The operation to drive the ultra-hardline militants from Mosul began in October and has recaptured villages and towns surrounding the city, and most of Mosul's eastern half.
New tactics and better coordination have helped Iraqi forces advance faster since they launched a new phase of the operation more than 10 days ago.
Iraqi forces have fought their way into two more southeastern districts but their advances are being slowed by Islamic State's tactic of using civilians for cover.
However, Fr Thabit Mekko, currently living in Erbil with many of his congregation who fled the city, told Fides news agency that it was "too early to think about a return of Christians who have fled from their homes. Such a case will be considered only when security is assured," he said.
Mekko said: "Many families have not yet decided what they will do.
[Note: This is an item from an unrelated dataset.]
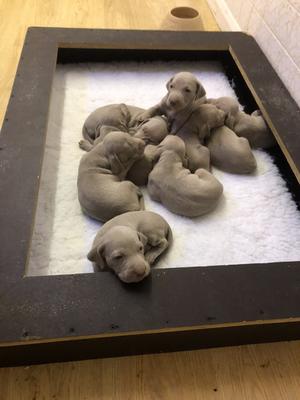 Emmy's Litter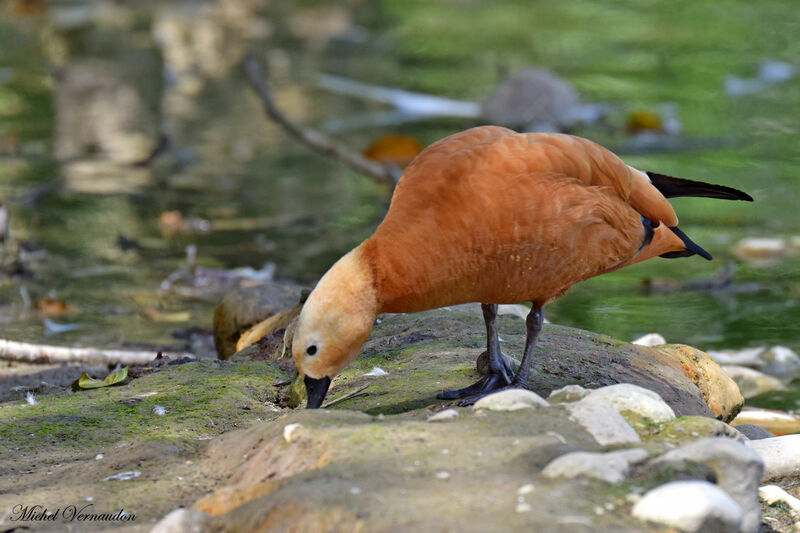 Ruddy Shelduck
Not all those who left Mosul in front of the advance of Daesh will return."
The situation in Mosul, the last major city in Iraq held by Islamic State, remains desperately hard for civilians.
A spokesman for the rapid response units of Iraq's federal police Lieutenant-Colonel Abdel Amir al-Mohammedawi, told Reuters IS was hiding among civilians.
He said rapid response units and Iraqi army units had fought their way into the Palestine and Sumer districts in the last day, but that IS fighters were firing at civilians trying to flee.
"The families, when they see Iraqi forces coming, flee from the areas controlled by Daesh towards the Iraqi forces, holding up white flags, and Daesh bomb them with mortars and Molotov cocktails, and also shoot at them.
"Whenever they (IS) withdraw from a district, they shell it at random, and it's heavy shelling," he said.